テムート(“放棄された場所”)は、この群島における最初の北方人の真の入植地となった。その初めの尽力は非常に挑戦的なものであった。テムートは何年もの間オーマン人も住まない無人島であり、植民地建設の援助を得るためにオーマン人を口説き落とすことは困難であることが分かった。金属は不足していた。最終的に、ヴァンデルボーレン家は再度の補給部隊を組織するために、マンサレイ卿に植民地の経営を任せて、いったんサザリン市に戻ることを決意したのである。その船の内の1隻、マーキュリアル号は怪物のリヴァイアサンの攻撃を受けた後に海で行方不明となったが、ブルー・ニクシー号はやっとのことで無事サザリン市まで帰り着いたのであった。ひどい損傷を受けていたためそれを修理するのに数ヶ月を要したが、その後、別の問題が発生して、ヴァンデルボーレン家の2人が多量の補給物資と共にファーショアに戻ることができなくなった。
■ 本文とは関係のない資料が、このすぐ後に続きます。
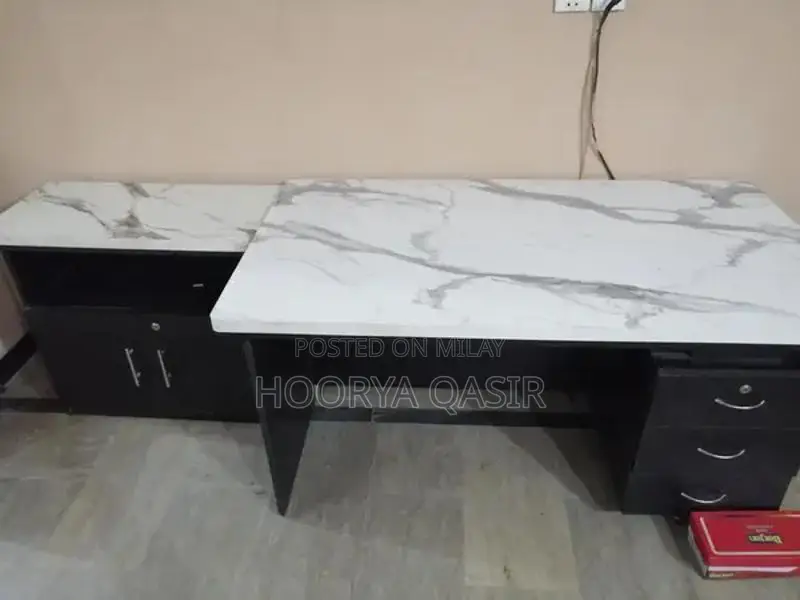 Modern Office Table - Clean and Professional Workspace Furniture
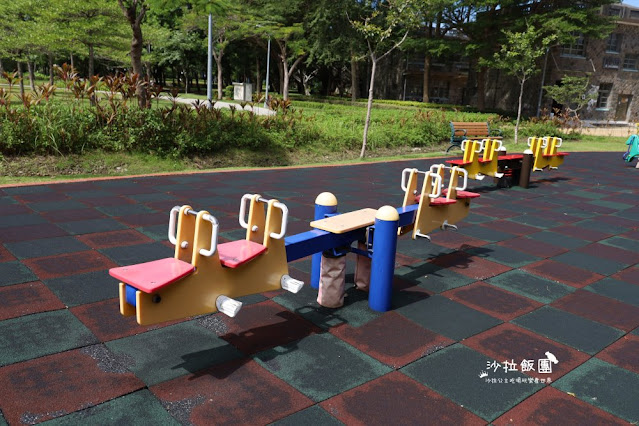 士林景點宇宙探險共融公園『美崙公園』不二良小鼠巨型公仔.溜滑梯.溜冰場 13 士林景點宇宙探險共融公園『美崙公園』不二良小鼠巨型公仔.溜滑梯.溜冰場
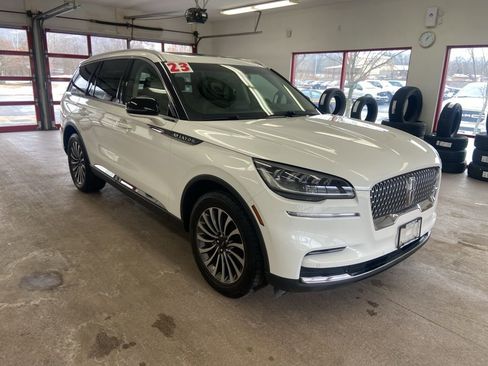 Used 2023 Lincoln Aviator AWD w/ Premium Package image 1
彼らはセンディングなどの呪文によってマンサレイ卿と定期的に連絡を取っていたが、ある理由によって帰還の試みは失敗に終わったのである。帰りの船旅でブルー・ニクシー号と同行する新しい船を購入した直後、ヴァンデルボーレン家の2人に裏切りが待ち受けていたのである。その処女航海において、彼ら自身の息子ヴァンサスが、彼らと彼らの新しい船に火を点けて灰燼に帰したのである。
そのため、ファーショアはこの数年間を彼らだけで過ごすことになった。原住オーマン人の村人たちは北方人たちが作り出す驚嘆すべき品々に惹きつけられ、ファーショアの拡張と建設に力を貸し、彼らの新たな故郷についての多くの秘密を彼らに教えた。この島の本島の探検はよく行なわれたが、奥地を探検しようと試みた者たちの大半は戻ってくることがなかった。2年ほどでこの植民地はほぼ完成し、テムート島に苦心の末に共同体を設立したのである。可能性には溢れているが、さらなる補給が必要であり、現在、ファーショアは根気良くサザリン市からの多量の物資が届くのを待っている状況である。それによって、最終的にファーショアはヴァンデルボーレン家の2人が何年も前に心に描いていた自立した交易地となることができるであろう。

ファーショア概要

ファーショア(小村)
共和制(住民を代表する評議員と市長による統治)
人口 220人
(220人の人間、7人のハーフエルフ、6人のハーフリング、4人のドワーフ、3人のノーム)
防衛 村の成員による民兵隊

ファーショアの主要な権威

ファーショア市長候補ラヴィニア・ヴァンデルボーレン(中立にして善、女性の人間)ファーショア市長候補マンサレイ・メラヴァンチ卿(秩序にして中立、男性の人間)、評議員アルドワトル教授(混沌にして善、男性の人間)、牧師にして評議員ヴェサリン・キャサリー(中立にして善、男性のハーフエルフ)、評議員テルダ・サイレン(混沌にして善、女性のハーフエルフ)、評議員ウルヴァー・カバンジャ民兵隊長(秩序にして善、男性の人間)

ファーショアの現況(#05『恐怖の潮流』開始時点)

ファーショアは“恐怖の島”探検の出発地にして、物資をサザリン市へ輸出するための恒久的な根拠地として設立された。
入植者たちは、テムート島の西に面するヴェリクの入江と呼ぶ小さな港をその入植場所に選んだ。
なぜなら、そこは2つの天然の防潮堤があり、嵐と海からの襲撃に対する庇護を与えてくれているためである。
5人で構成される遠征評議会が入植地の関心事について毎週会合を開いていたが、ファーショアが発展するにしたがって、1人のリーダーを選ぶ必要が高まってきている。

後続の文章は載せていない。